Overview Originally produced for use as a synthetic hormone in 1936, today

bisphenol-A (BPA) is manufactured in excess of six billion pounds per

year. BPA is most commonly used as the building block of polycarbonate

plastic for products such as baby bottles and water bottles, epoxy resins

(coatings that line food containers), and white dental sealants. It is

also an additive in other types of plastic used to make children’s toys. BPA molecules are

bound by "ester bonds” to form a polymer used to make polycarbonate

plastic. As the building block of polycarbonate, BPA is the primary

chemical in polycarbonate, and it thus does not exist in only trace

amounts. While plastics are typically thought of as stable, scientists

have known for many years that the chemical bond between BPA molecules is

unstable. The bond is disrupted by heat and acidic or basic conditions

that release BPA into food or beverages in contact with the plastics. In brief, this

summary reveals that there is extensive scientific literature reporting adverse

effects of BPA at doses lower than the current level considered safe by U.S.
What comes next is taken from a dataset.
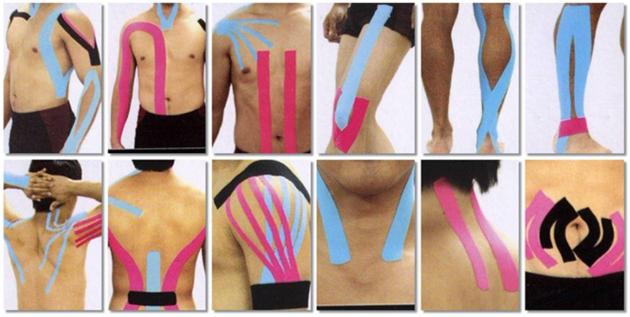 Kinesiology Sports Muscle Tape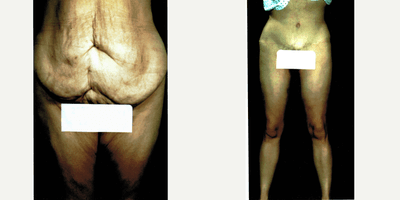 Case 2166 - 35-44 year old woman treated with Tummy Tuck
EPA, a high rate of leaching of BPA from food and beverage containers, and

evidence that the median BPA level in humans is higher than the level that

causes adverse effects in lab studies.

·

Children are Most at Risk

Growing children are particularly at risk to chemicals in their environment

because they face greater exposure per pound of body weight and are

physiologically more susceptible to them.Children’s exposures begin at conception, as chemicals, including BPA,

cross the placenta in a pregnant woman’s body

and can affect the embryo or fetus during critical periods of

development. Even after birth, children’s bodies remain immature,

with underdeveloped detoxification mechanisms to protect them from BPA as well

as drugs. Their brains and other organ systems are constantly developing,

undergoing periods of particular sensitivity to damage or disruption.

Especially because growing children are particularly at risk from BPA exposure

and adverse effects on intellectual ability, social behaviors, fertility, and

potential for disease may take decades to detect, precautionary measures must

be taken to protect children from exposure to products containing BPA that they

use everyday. ·

BPA Levels in Humans are Above Harmful Levels Found in Studies

According to the U.S. Centers for Disease Control, 95% of Americans have

detectable levels of bisphenol-A in their bodies.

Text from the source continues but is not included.